Work order. Return the data exactly, with all pictures removed.

Source data.
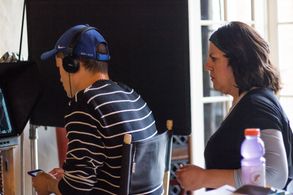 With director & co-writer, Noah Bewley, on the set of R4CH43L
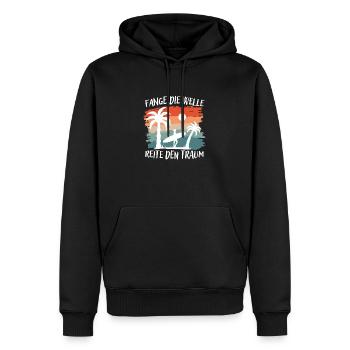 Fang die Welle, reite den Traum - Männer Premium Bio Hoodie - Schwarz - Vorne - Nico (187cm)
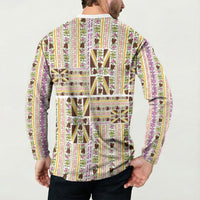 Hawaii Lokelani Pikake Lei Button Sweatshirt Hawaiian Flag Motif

Written reply.
 With director & co-writer, Noah Bewley, on the set of R4CH43L
 Fang die Welle, reite den Traum - Männer Premium Bio Hoodie - Schwarz - Vorne - Nico (187cm)
 Hawaii Lokelani Pikake Lei Button Sweatshirt Hawaiian Flag Motif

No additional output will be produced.